Segment Open

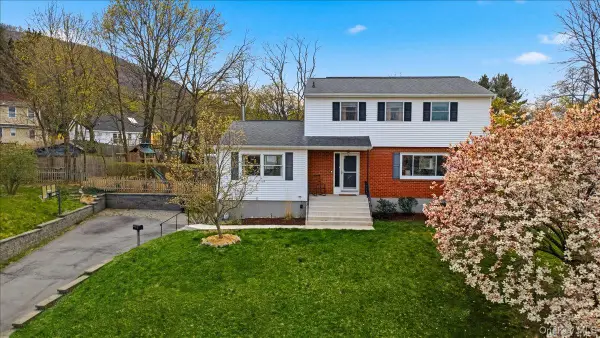 42 Rende Drive, Beacon, NY 12508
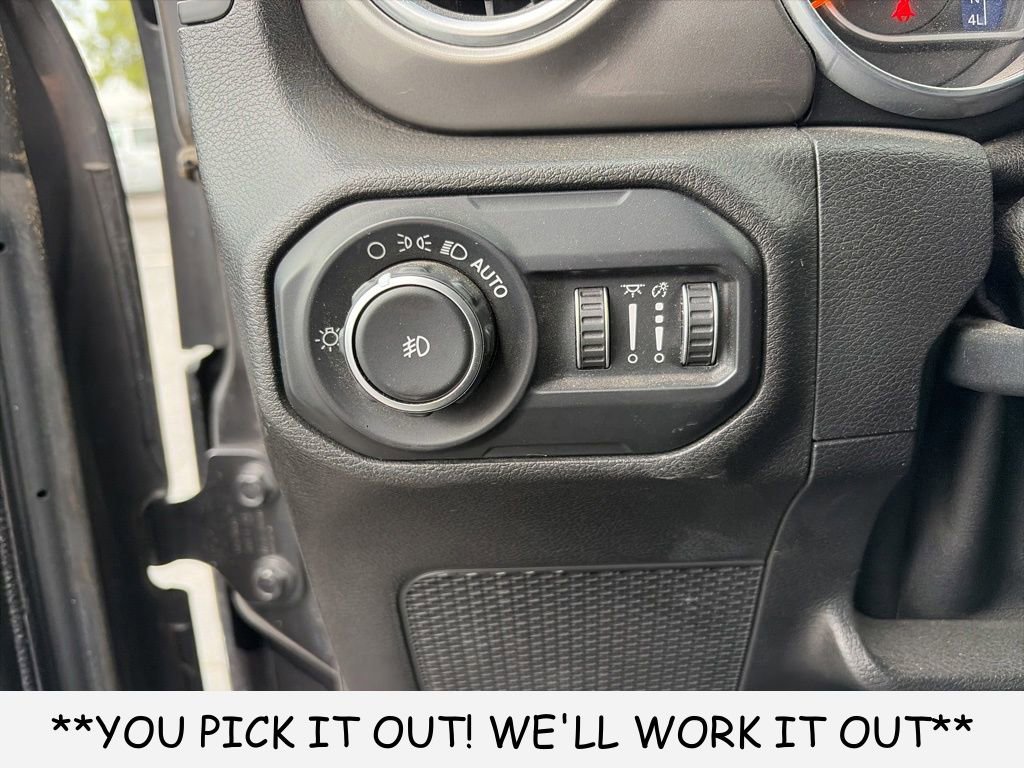 Used 2018 Jeep Wrangler Unlimited Sahara w/ Dual Top Group AWD/4WD image 12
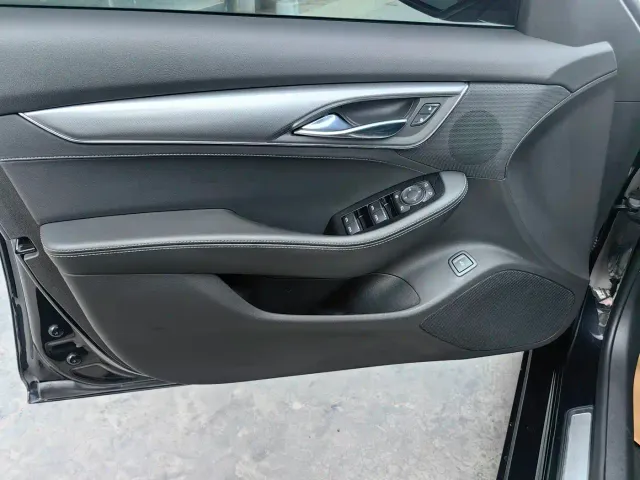 Cadillac CT5 — Фото автомобиля 13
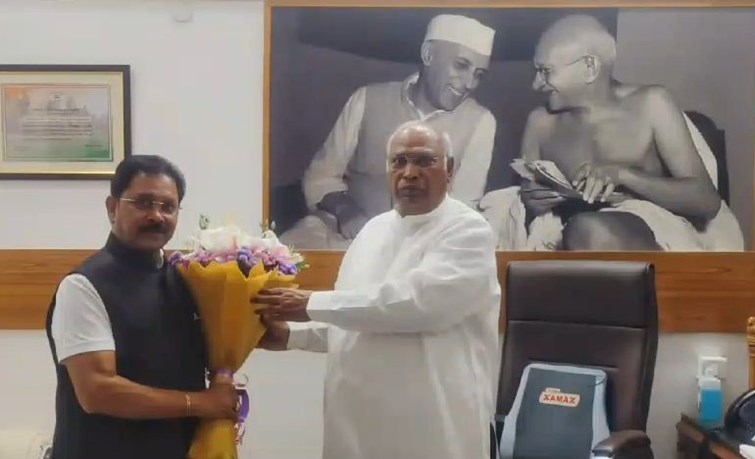 Rajya Sabha member Dheeraj Sahu met Congress National President Mallikarjun Kharge, National President will soon arrive in Lohardaga.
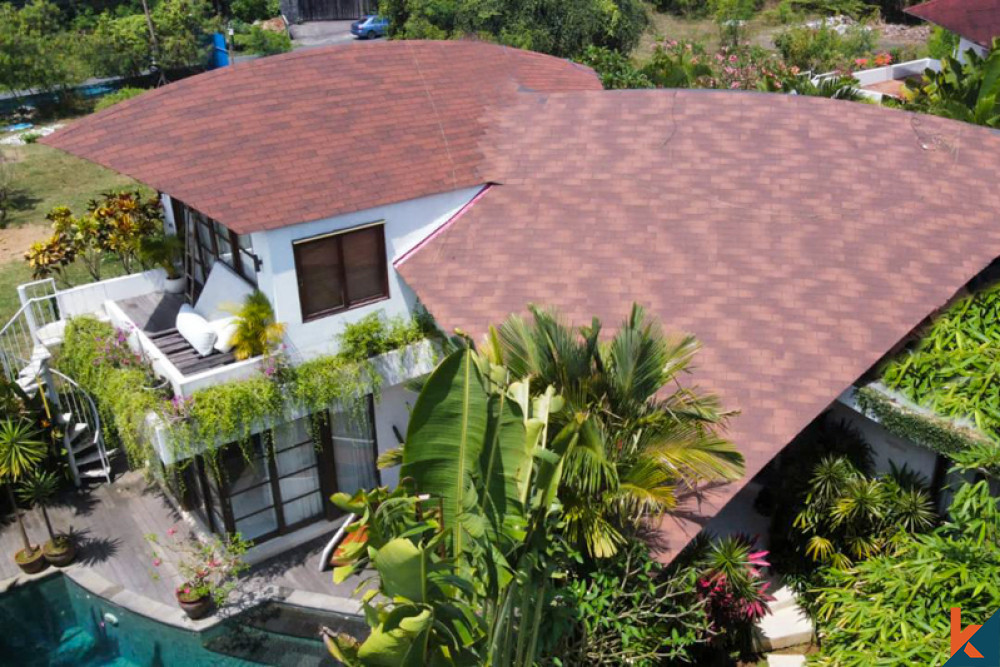 Villa Kompleks Tiga Kamar Tidur yang Indah Dijual di Umalas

Segment Closed

#### Assigned task:
Lines before the one containing "Rajya Sabha member" are not wanted; repeat that line and the rest of the listing exactly, leaving out pictures.

#### Answer box:
 Rajya Sabha member Dheeraj Sahu met Congress National President Mallikarjun Kharge, National President will soon arrive in Lohardaga.
 Villa Kompleks Tiga Kamar Tidur yang Indah Dijual di Umalas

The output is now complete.